To improve the stability of the Sushi domain, we constructed a plasmid encoding a triple fusion protein, combining apolipoprotein A-I, IL-15 and the Sushi domain (represented in Fig. 1 in its interaction with receptors on surface of a T lymphocyte or NK cells). This triple fusion protein was highly active and, following the hydrodynamic administration of corresponding plasmid, mice died from acute lymphoid pneumonitis. The inflammatory infiltrates were mainly composed of T and NK cells. Experiments in genetically deficient mice allowed us to conclude that the toxicity was mediated by a mechanism involving a perforin- and granzyme A/ B-dependent function mediated by activated NK cells. This acute toxicity illustrates the potent bioactivity of the triple fusion protein. Alongside, we were able to identify plasmid doses within the therapeutic range. These doses were well tolerated and promoted the proliferation of NK and memory CD8+ T cells in the spleen and liver. Moreover, the triple fusion protein exerted a potent antitumor activity against MC38 hepatic metastases as well as against lung metastases from ovalbumin-expressing B16 melanomas.

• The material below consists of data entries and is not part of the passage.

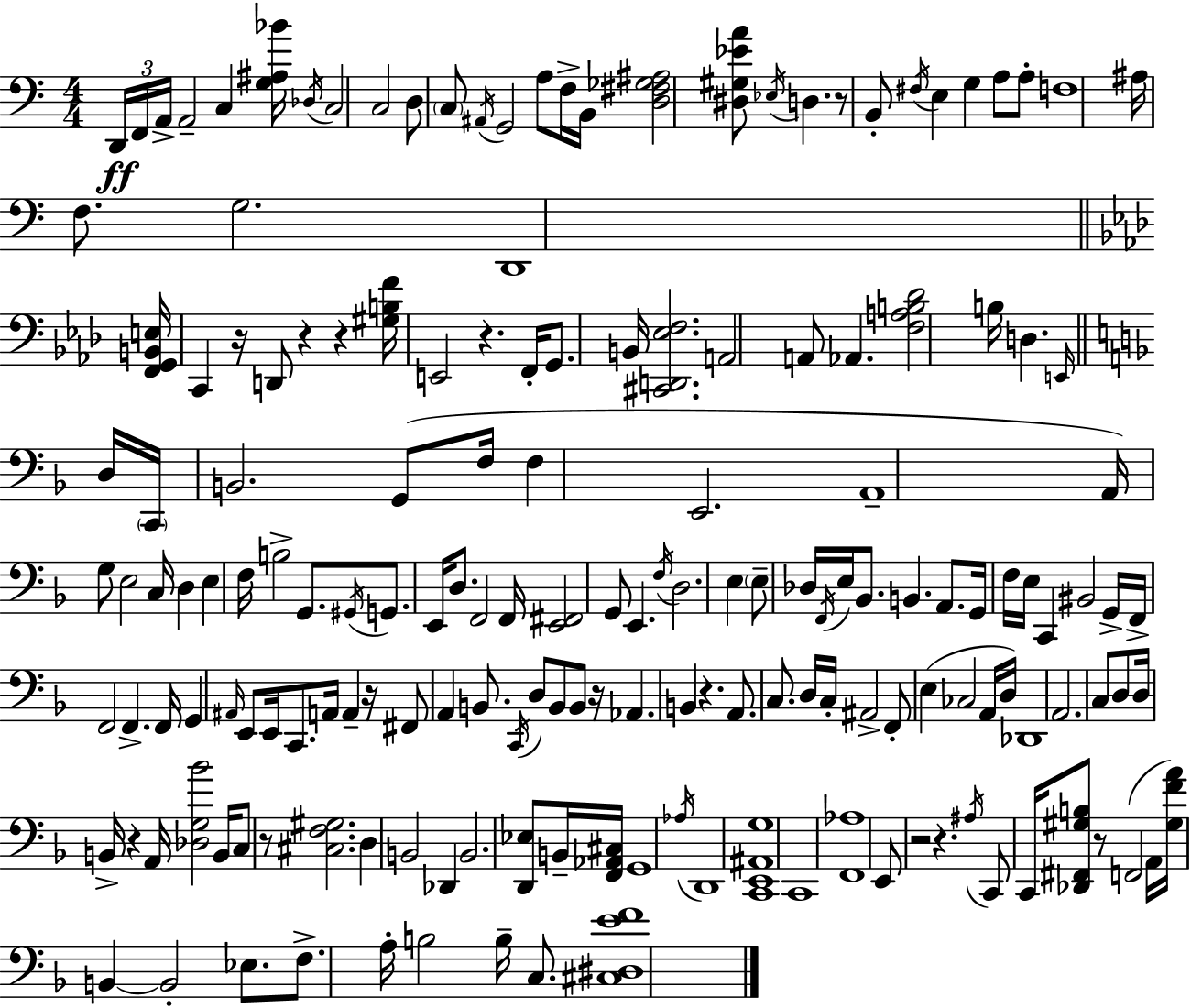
X:1
T:Untitled
M:4/4
L:1/4
K:Am
D,,/4 F,,/4 A,,/4 A,,2 C, [G,^A,_B]/4 _D,/4 C,2 C,2 D,/2 C,/2 ^A,,/4 G,,2 A,/2 F,/4 B,,/4 [D,^F,_G,^A,]2 [^D,^G,_EA]/2 _E,/4 D, z/2 B,,/2 ^F,/4 E, G, A,/2 A,/2 F,4 ^A,/4 F,/2 G,2 D,,4 [F,,G,,B,,E,]/4 C,, z/4 D,,/2 z z [^G,B,F]/4 E,,2 z F,,/4 G,,/2 B,,/4 [^C,,D,,_E,F,]2 A,,2 A,,/2 _A,, [F,A,B,_D]2 B,/4 D, E,,/4 D,/4 C,,/4 B,,2 G,,/2 F,/4 F, E,,2 A,,4 A,,/4 G,/2 E,2 C,/4 D, E, F,/4 B,2 G,,/2 ^G,,/4 G,,/2 E,,/4 D,/2 F,,2 F,,/4 [E,,^F,,]2 G,,/2 E,, F,/4 D,2 E, E,/2 _D,/4 F,,/4 E,/4 _B,,/2 B,, A,,/2 G,,/4 F,/4 E,/4 C,, ^B,,2 G,,/4 F,,/4 F,,2 F,, F,,/4 G,, ^A,,/4 E,,/2 E,,/4 C,,/2 A,,/4 A,, z/4 ^F,,/2 A,, B,,/2 C,,/4 D,/2 B,,/2 B,,/2 z/4 _A,, B,, z A,,/2 C,/2 D,/4 C,/4 ^A,,2 F,,/2 E, _C,2 A,,/4 D,/4 _D,,4 A,,2 C,/2 D,/2 D,/4 B,,/4 z A,,/4 [_D,G,_B]2 B,,/4 C,/2 z/2 [^C,F,^G,]2 D, B,,2 _D,, B,,2 [D,,_E,]/2 B,,/4 [F,,_A,,^C,]/4 G,,4 _A,/4 D,,4 [C,,E,,^A,,G,]4 C,,4 [F,,_A,]4 E,,/2 z2 z ^A,/4 C,,/2 C,,/4 [_D,,^F,,^G,B,]/2 z/2 F,,2 A,,/4 [^G,FA]/4 B,, B,,2 _E,/2 F,/2 A,/4 B,2 B,/4 C,/2 [^C,^D,EF]4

Figure 1. High-density lipoproteins as vehicles for interleukin-15. High-density lipoproteins (HDLs) can be used to trans-present a fusion protein involving interleukin-15 (IL-15) apolipoprotein A-I and the Sushi domain of the IL-15 receptor α (IL-15Rα) to T lymphocytes or natural killer (NK) cells.

In conclusion, the biodistribution of cholesterol-transporting HDLs offers an interesting platform to deliver cytokines that control lymphocyte function, such as IL-15 and interferon α. The triple fusion strategy advantageously modifies both pharmacokinetic and pharmacodynamic properties of this approach. Overall, the system exploits both the trans-presentation of IL-15 to antitumor lymphocytes (Fig. 1) and the particle-like nature of lipoproteins, offering a suitable delivery vehicle. Although we observed antitumor efficacy as monotherapy, we believe that the use of this approach in combination therapies will provide even more encouraging results. Experiments to explore the synergy of our chimeric molecules with other immunotherapeutic and non-immunotherapeutic anticancer agents are underway.